• Dataset content:
——————

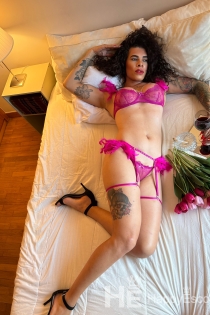 Giseli, 32 tuổi, Albufeira / Người hộ tống Bồ Đào Nha - 5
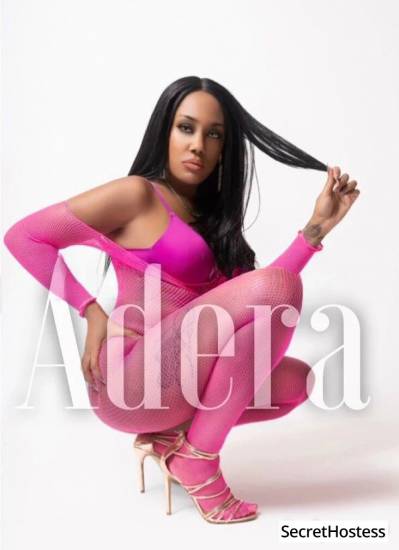 Adera 26Yrs Old Escort 62KG 164CM Tall Nashville TN Image - 2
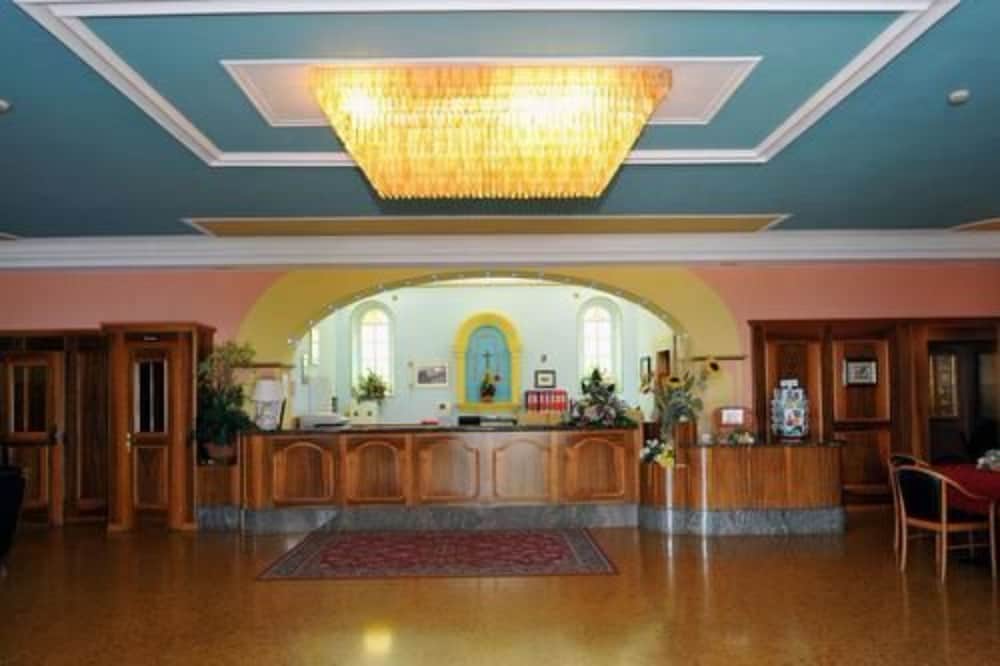 Park Hotel Jolanda 45/61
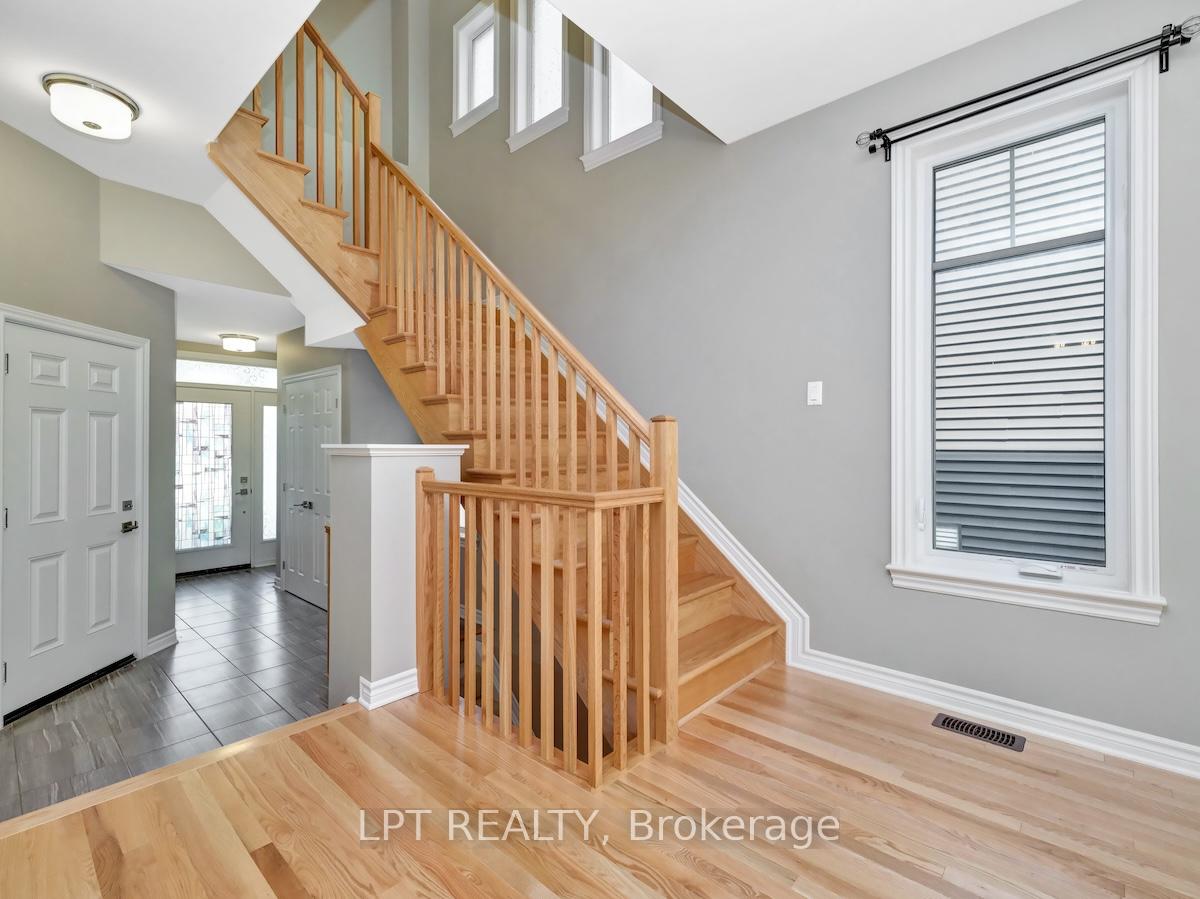 Photo 7 of 178 Nepeta Crescent, Ottawa, Blossom Park/Kemp Park/Findlay Creek — HOMEH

——————

For this exercise, retype the listing above word for word and omit the pictures.

 Giseli, 32 tuổi, Albufeira / Người hộ tống Bồ Đào Nha - 5
 Adera 26Yrs Old Escort 62KG 164CM Tall Nashville TN Image - 2
 Park Hotel Jolanda 45/61
 Photo 7 of 178 Nepeta Crescent, Ottawa, Blossom Park/Kemp Park/Findlay Creek — HOMEH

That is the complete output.